Le plus beau, le plus
fort
Sur grand écran, le héros est tout d’abord un être aux
capacités, au sang-froid et au charme supérieurs que le spectateur vient
admirer. Admiration où l’on trouve le désir de lui ressembler pour le public
masculin, d’être séduit par lui pour le public féminin. Le premier grand héros
moderne du cinéma sera incontestablement Douglas Fairbanks dont le charisme et
les capacités physiques exceptionnelles l’amenèrent à éblouir le public dans
des films prodigieux où il endossait l’identité de personnages mythiques de la
culture populaire, investissait des contextes chargés d’une aura épique et
mystérieuse dans l’inconscient collectif : D’Artagnan dans Les Trois Mousquetaires (1921), Zorro dans Le Signe de Zorro (1920), le tout se déroulant dans un Orient façon
Mille et Une Nuit (Le Voleur de Bagdad),
l’antiquité majestueuse (Ben Hur
première version). Fairbanks constitue l’archétype du héros d’aventure au même
titre que son successeur des deux décennies suivantes, Errol Flynn.
Flynn s’approprie l’héritage de Fairbanks avec ce même élan
juvénile, cette séduction et ce physique gracieux et imposant. Il y ajoutera
sous la frivolité une dimension plus sombre et torturée, une contextualisation
moderne plus prononcée puisque Errol Flynn inscrit ses exploits autant dans le
film d’aventure à la Fairbanks (le Robin
des Bois de Michael Curtiz, le film de pirates L’Aigle des Mers) que dans le film de guerre de propagande
contemporain avec Aventures en Birmanie entre autres. Le héros demeure donc
avec ces deux acteurs fondateurs un être lointain, hors-norme et mythologique
que l’on admire à distance sans espoir de l’égaler pour les hommes ou de tomber
dans ses bras pour les femmes. En plus
des qualités respectives de ces deux modèles, James Bond s’inspirera donc
également de la manière dont ils s’intègrent dans leur univers. Le monde de
James Bond est tout à la fois aussi irréel que les fantaisies les plus
débridées de Douglas Fairbanks mais s’inscrit aussi dans une réalité fantasmée
et ludique que l’on trouve dans certains films de guerre d’Errol Flynn. La
Seconde Guerre Mondiale de bande dessinée d’un Sabotages à Berlin (1942) avec ses vannes, ses cascades et son
Flynn tuant du nazi le sourire en coin n’est pas bien éloignée de la Guerre Froide
décalée des premiers James Bond.
Sadisme et séduction
Bien sûr Fairbanks et Flynn ne sont pas les seules figures
héroïques créées par le cinéma hollywoodien mais elles sont les plus
emblématiques du mélange de désinvolture et de surhomme que l’on trouvera chez
James Bond.
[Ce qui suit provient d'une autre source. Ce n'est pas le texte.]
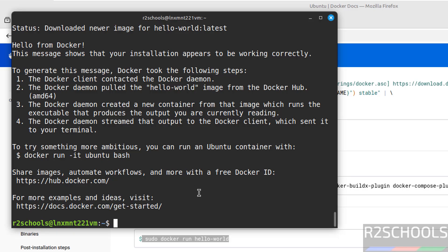So we have successfully installed and executed a container in Docker on Linux Mint 22 operating systems. In this video we have successfully installed Docker Engine 28 on Linux Mint operating systems. For more Docker tutorials please subscribe my channel, thank you.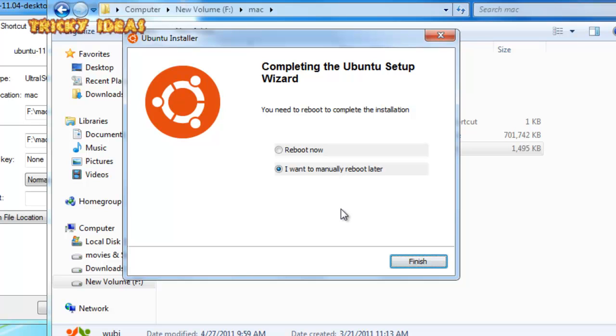In the next video I am going to show you the interface of Ubuntu 11.04. Thank you for watching.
Humphrey Bogart et son bagout cynique dans le film noir, ainsi que
l’ironie distanciée de Cary Grant dans La Mort aux trousses (1959) constituent également des jalons qui étofferont le
personnage de Bond au cinéma et surtout le resitueront dans une vraie réalité
moderne, fantasmée certes mais la même que celle du spectateur au contraire des
films historiques lointains d’Errol Flynn et Douglas Fairbanks. Avant un
lissage progressif à partir de Goldfinger
(1964) et l’entrée de la saga dans l’ère de la superproduction, on en
oublierait presque le Bond retors et peu recommandable incarné par Sean
Connery. L’acteur, avec une somme de vice, d’amoralité et de virilité exacerbée
invente là une nouvelle forme de héros.
Connery allie les qualités de ses
prédécesseurs à une présence animale capable de dévier la sexualité de la
lesbienne Pussy Galore dans Goldfinger,
de se montrer lourdement entreprenant jusqu’à ce qu’on lui cède de plein gré
(l’infirmière du début d’Opération Tonnerre (1965)), de claquer les fesses d’une espionne russe dans Bons baisers de Russie (1963).
L’élégance naturelle de Bond se mêle aux origines prolétaires de son interprète
qui lui confère une aura distinguée et débraillée à la fois. Symbole d’une
époque, le Bond de Connery est LE mâle, une abstraction fantasmée de la manière
dont se rêvent les hommes et dont la toute-puissance sexuelle enlève toute
dignité aux femmes ne pouvant faire autrement que se pâmer devant lui (voir les
affiches d’époques l’entourant d’un harem énamouré).
Roger Moore poursuit cette tradition tout en empruntant une
autre voie. S’il ne peut égaler la menace dégagée par Connery, cette
toute-puissance se fera par la distinction british, la distance et une
séduction fonctionnant sur les codes de l’hédonisme ambiant des années 70.
Connery séduisait par son alliance de classe et de testostérone, pour Roger
Moore il suffira d’un regard en coin, d’un bon mot et de la dose de panache
qu’il sut apporter au personnage (il est la seule chose à sauver de ses deux
premiers Bond Vivre et Laisser Mourir
(1972) et L’Homme au pistolet d’or (1973)).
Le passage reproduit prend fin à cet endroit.